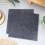 100Stk Selbstklebende Teppichquadrate Polyester Für 3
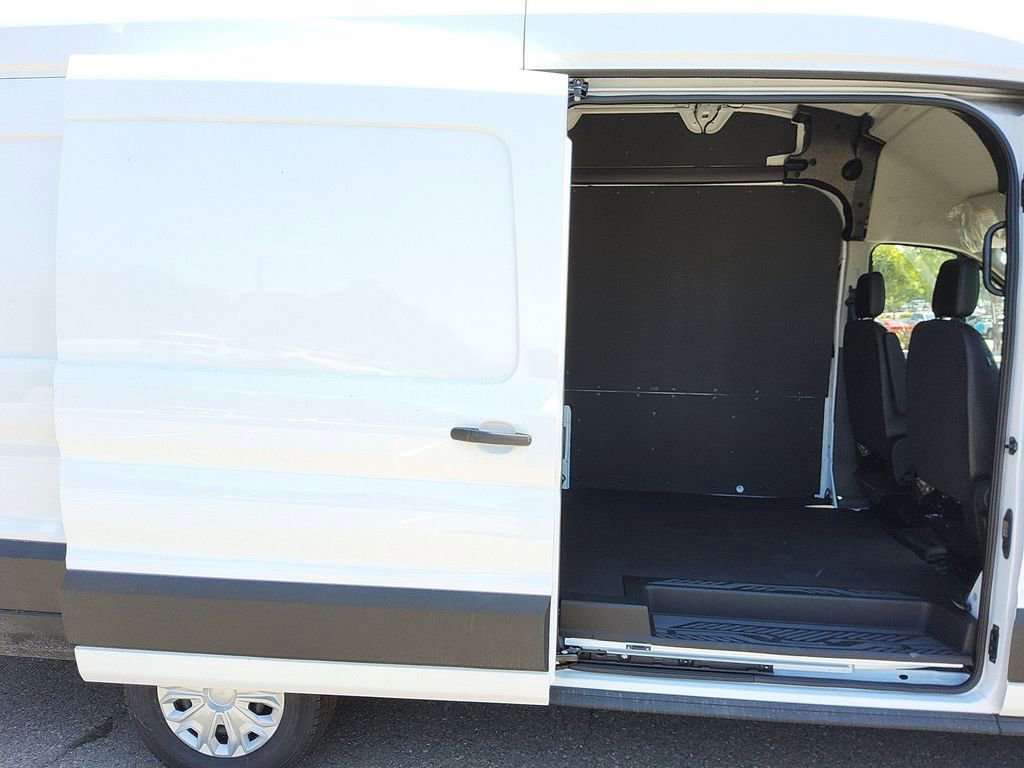 New 2025 Ford E-Transit 148 High Roof Extended w/ Load Area Protection Package image 14
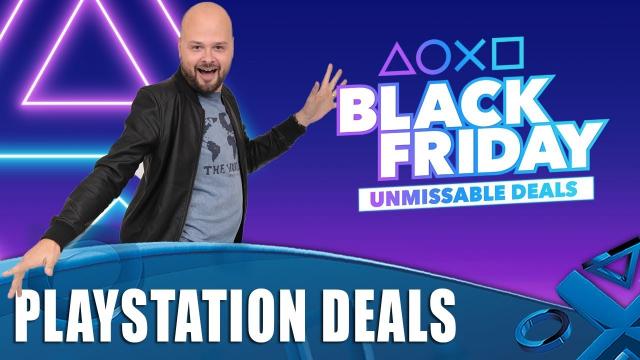 10 Best Black Friday Deals on PlayStation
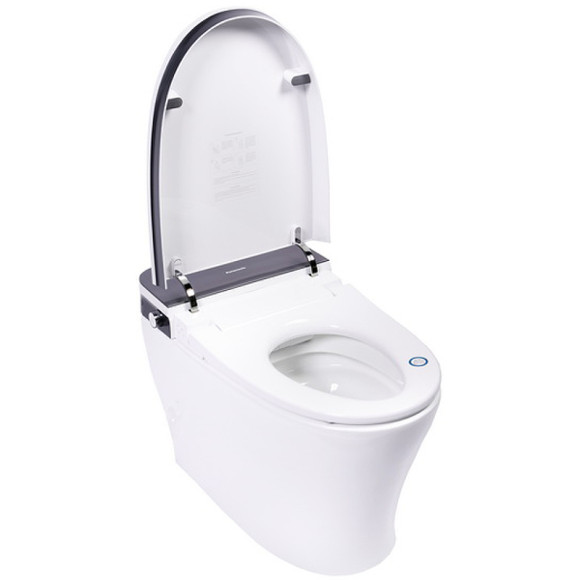 Унитаз биде Panasonic CH2711 приставной с сиденьем Микролифт Унитаз биде Panasonic CH2711 приставной с сиденьем Микролифт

> _WHAT YOU SHOULD DO_
A faithful copy of the data is required: each word kept, each picture omitted.

> _TASK SOLUTION_
 100Stk Selbstklebende Teppichquadrate Polyester Für 3
 New 2025 Ford E-Transit 148 High Roof Extended w/ Load Area Protection Package image 14
 10 Best Black Friday Deals on PlayStation
 Унитаз биде Panasonic CH2711 приставной с сиденьем Микролифт Унитаз биде Panasonic CH2711 приставной с сиденьем Микролифт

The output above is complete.